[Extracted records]
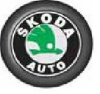 Наклейка на колпаки SKODA к-т 4 шт сферическая изогнутая 6см (арт. 05194)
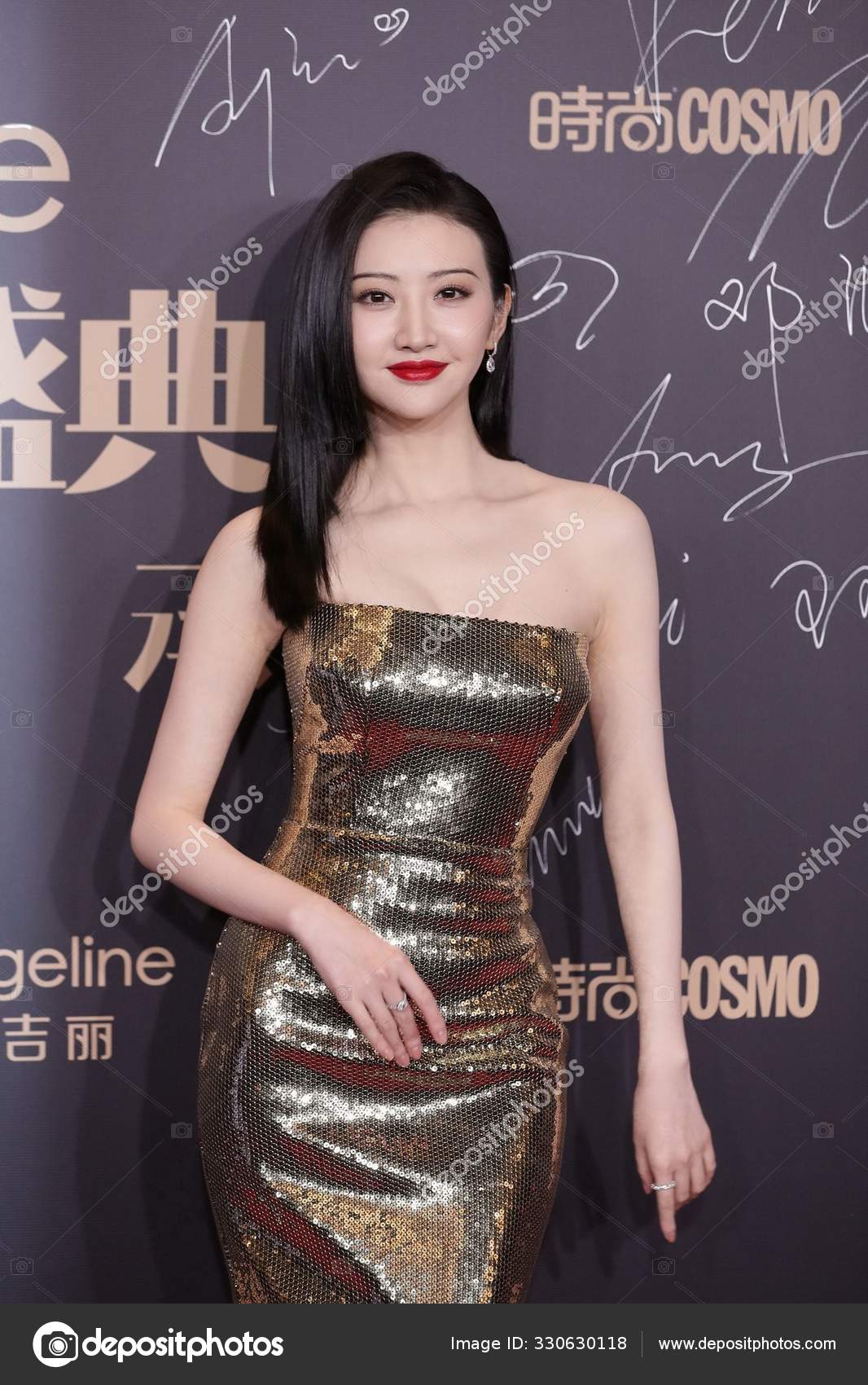 CHINA CHINESE JING TIAN 2019 COSMO GLAM NIGHT SHANGHAI Stock Editorial Photo © ChinaImages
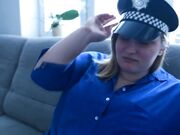 Czech Soles - Lazy BBW Police Woman's Smelly Socks And Feet (Big Feet, Socks, Bare Feet, Worn Socks, Police Feet) 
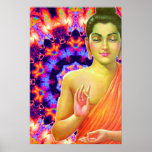 Psychedelic Buddha Print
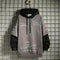 Suéter Fleece Hombre Estilo Dos Piezas Oversize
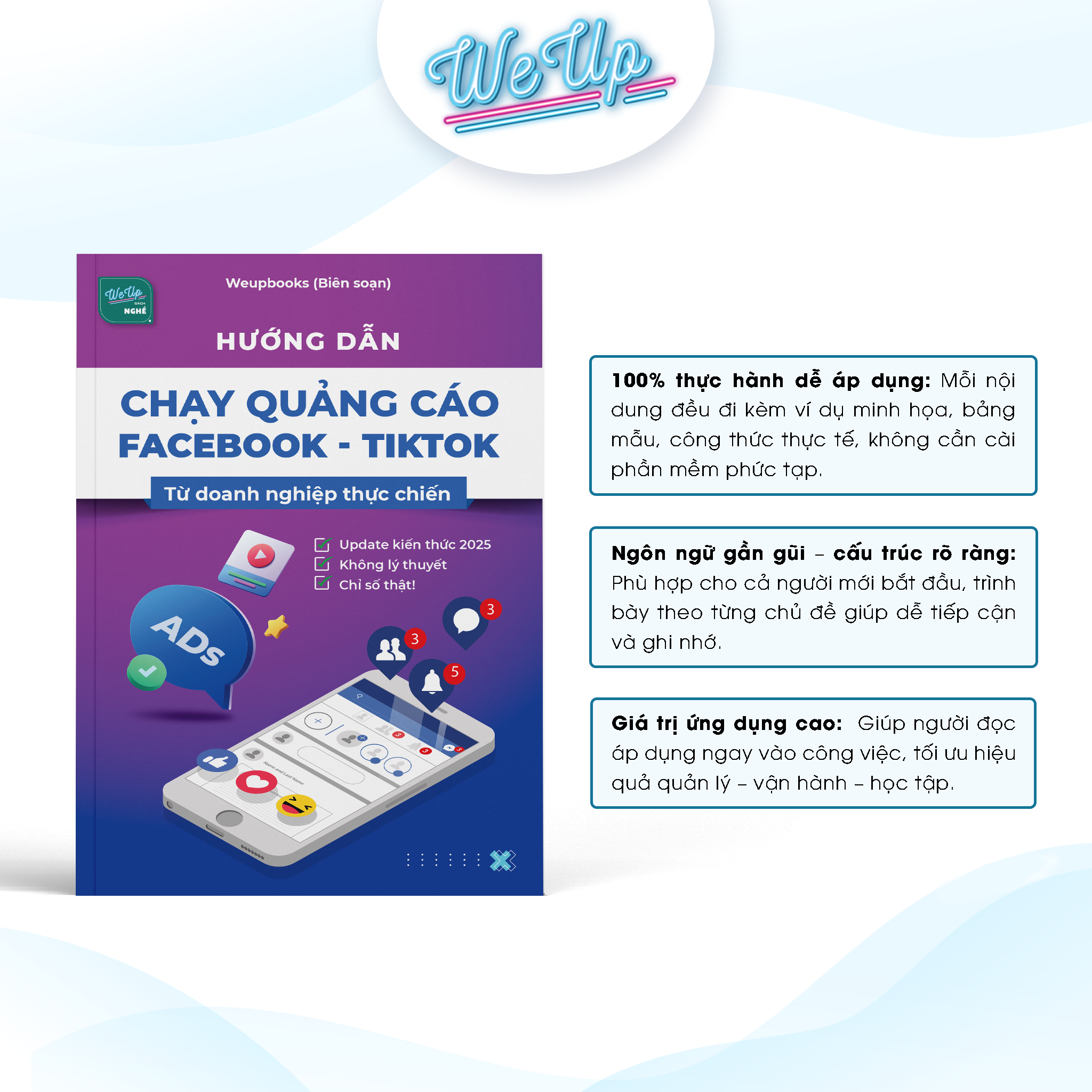 Combo 5 Cuốn: Hướng Dẫn Kiếm Tiền Xuyên Biên Giới Từ Youtube + Công Cụ AI X3 Hiệu Suất + Sản Xuất Video Ngắn - Livestream Khác Biệt + Infographic Từ A-Z Về Nghề Marketing + Hướng Dẫn Chạy Quảng Cáo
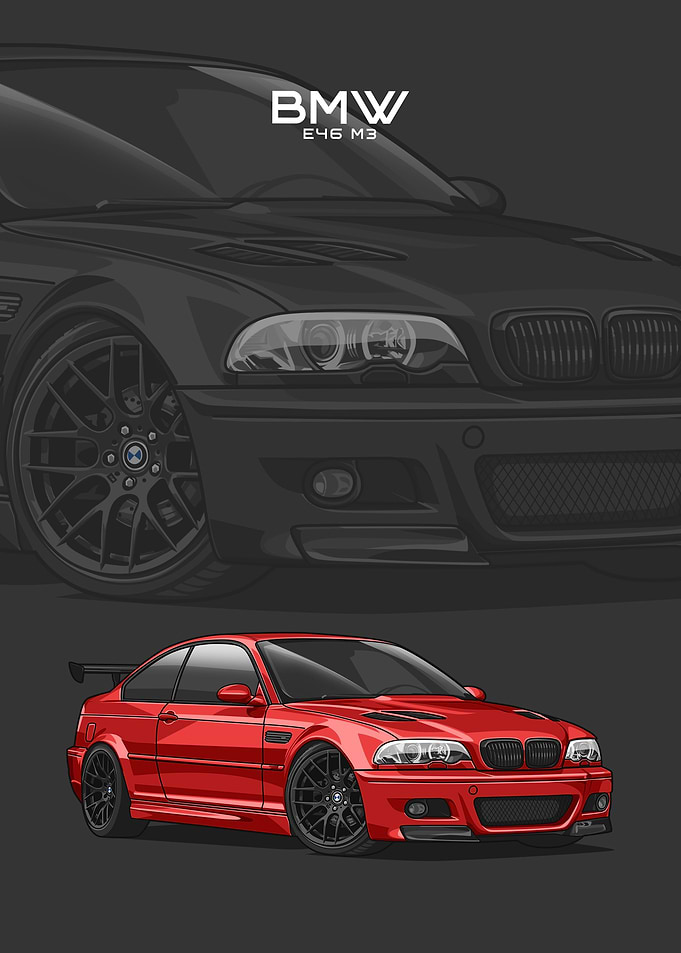 BMW E46 M3 red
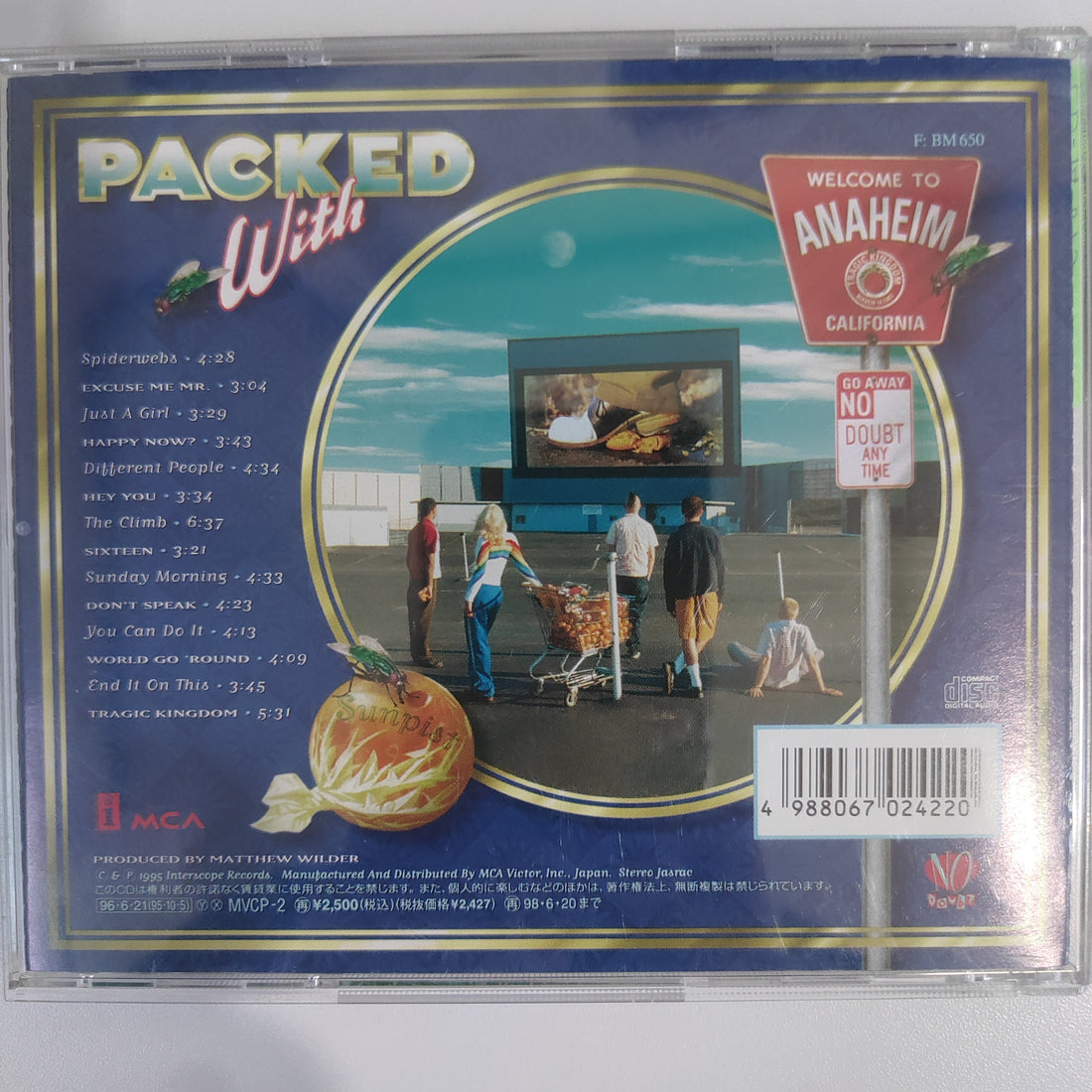 ซีดี No Doubt - Tragic Kingdom (CD) (VG+)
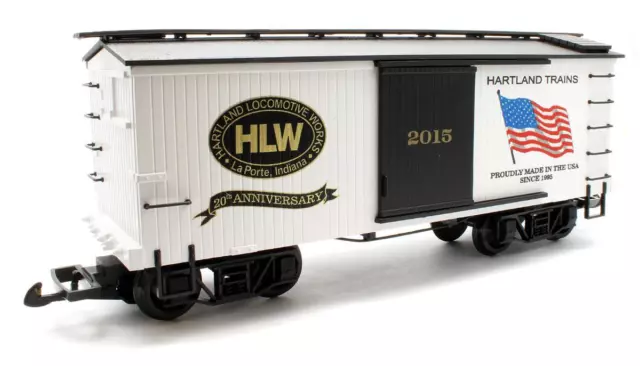 Hlw 'G' Gauge '2015' Hartland Trains 20Th Anniversary Freight Car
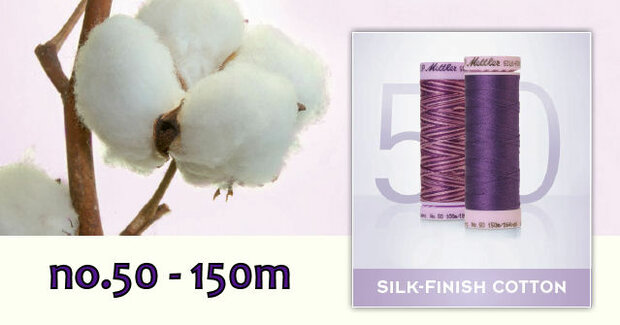 Silk Finish Cotton dikte 50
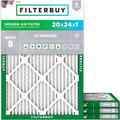 Filterbuy 20x24x1 Air Filter MERV 8 Essential Dust & Allergy Defense, by Filterbuy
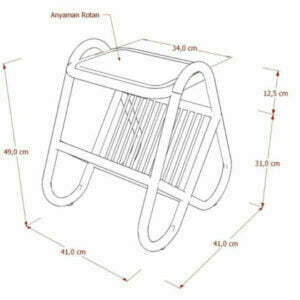 7. Furniture Rak Citra Magazine Rack 513x420 1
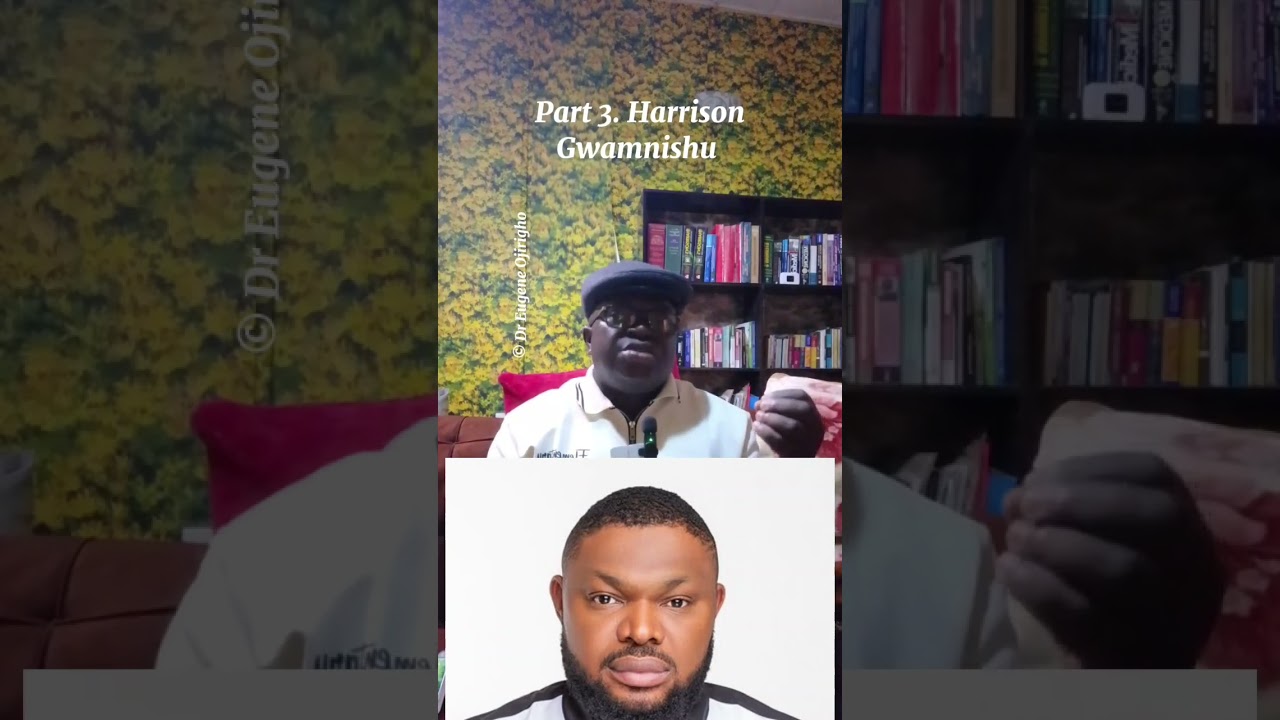 Harrison Gwamnishu. Part 3 of my take on the matter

EXERCISE: An exact copy of the entries, minus the pictures, is what's needed here.

SOLUTION FOR THIS EXERCISE:
 Наклейка на колпаки SKODA к-т 4 шт сферическая изогнутая 6см (арт. 05194)
 CHINA CHINESE JING TIAN 2019 COSMO GLAM NIGHT SHANGHAI Stock Editorial Photo © ChinaImages
 Czech Soles - Lazy BBW Police Woman's Smelly Socks And Feet (Big Feet, Socks, Bare Feet, Worn Socks, Police Feet) 
 Psychedelic Buddha Print
 Suéter Fleece Hombre Estilo Dos Piezas Oversize
 Combo 5 Cuốn: Hướng Dẫn Kiếm Tiền Xuyên Biên Giới Từ Youtube + Công Cụ AI X3 Hiệu Suất + Sản Xuất Video Ngắn - Livestream Khác Biệt + Infographic Từ A-Z Về Nghề Marketing + Hướng Dẫn Chạy Quảng Cáo
 BMW E46 M3 red
 ซีดี No Doubt - Tragic Kingdom (CD) (VG+)
 Hlw 'G' Gauge '2015' Hartland Trains 20Th Anniversary Freight Car
 Silk Finish Cotton dikte 50
 Filterbuy 20x24x1 Air Filter MERV 8 Essential Dust & Allergy Defense, by Filterbuy
 7. Furniture Rak Citra Magazine Rack 513x420 1
 Harrison Gwamnishu. Part 3 of my take on the matter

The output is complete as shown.